FIG. 1 illustrates an example of an image synthesizing apparatus according to an embodiment of the present invention. Referring to FIG.
FIG. 2 is a block diagram illustrating an internal configuration of a computing device including an image synthesizing apparatus according to the present invention.
Fig. 3 shows an example for explaining Gaussian and Gaussian difference (DoG).
4 is a conceptual diagram of an edge-recognition corresponding point search in the Laplacian pyramid of the present invention.
FIG. 5 is a conceptual diagram of a Laplacian patch-based image synthesis method according to an embodiment of the present invention.
6 illustrates a Laplacian based image modification algorithm in accordance with an embodiment of the present invention.
7 is a flowchart illustrating an operation of an image synthesizing method according to an embodiment of the present invention.
FIG. 8 is a block diagram illustrating a configuration of an image synthesizing apparatus according to an embodiment of the present invention.

Hereinafter, embodiments according to the present invention will be described in detail with reference to the accompanying drawings. However, the present invention is not limited to or limited by the embodiments. In addition, the same reference numerals shown in the drawings denote the same members.

FIG. 1 illustrates an example of an image synthesizing apparatus according to an embodiment of the present invention. Referring to FIG.

As shown in FIG. 1, the image synthesizing apparatus according to the present invention can be mounted or installed inside the computing device 100, and can fill a vacant certain area naturally in an input image in which a certain area is empty .

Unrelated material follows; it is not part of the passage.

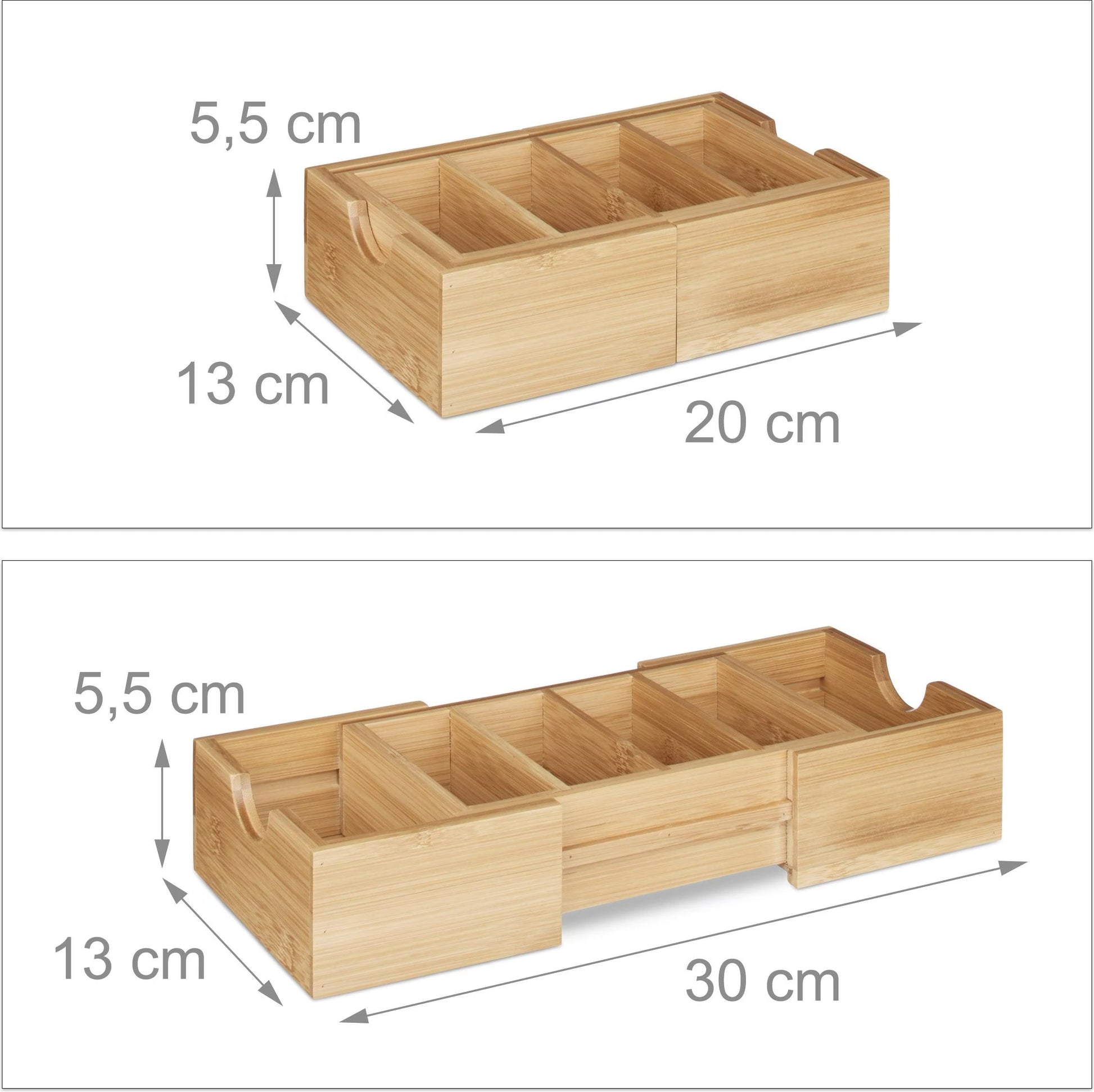 Karteikasten DIN A8 Bambus Hellbraun von Relaxdays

Here, the input image must be filled with an image including a region that has not been photographed for some reason, an image including an area that remains as a blank area in the background as a result of removing the foreground object, an image including a damaged area for unknown reasons, You can include all sorts of images that have regions.

The computing device 100 shown in FIG. 1 may include any device capable of installing or mounting an image compositing algorithm according to the present invention, for example, a smart phone capable of installing software such as Photoshop ), A computer, a notebook, a personal digital assistant (PDA), a tablet PC, and the like.

Such a computing device may communicate with other electronic devices and / or servers over a network using a wireless or wired communication scheme.

The communication method is not limited, and may include a communication method using a communication network (for example, a mobile communication network, a wired Internet, a wireless Internet, a broadcasting network) that the network may include, as well as a short-range wireless communication between the devices. For example, the network may be a personal area network (LAN), a local area network (LAN), a campus area network (CAN), a metropolitan area network (MAN), a wide area network (WAN), a broadband network Lt; RTI ID = 0.0 > and / or < / RTI > The network may also include, but is not limited to, any one or more of a network topology including a bus network, a star network, a ring network, a mesh network, a star bus network, a tree or a hierarchical network, .

FIG. 2 is a block diagram illustrating an internal configuration of a computing device including an image synthesizing apparatus according to the present invention.

2, the computing device 100 may include a memory 210, a processor 220, a communication module 230, and an input / output interface 240.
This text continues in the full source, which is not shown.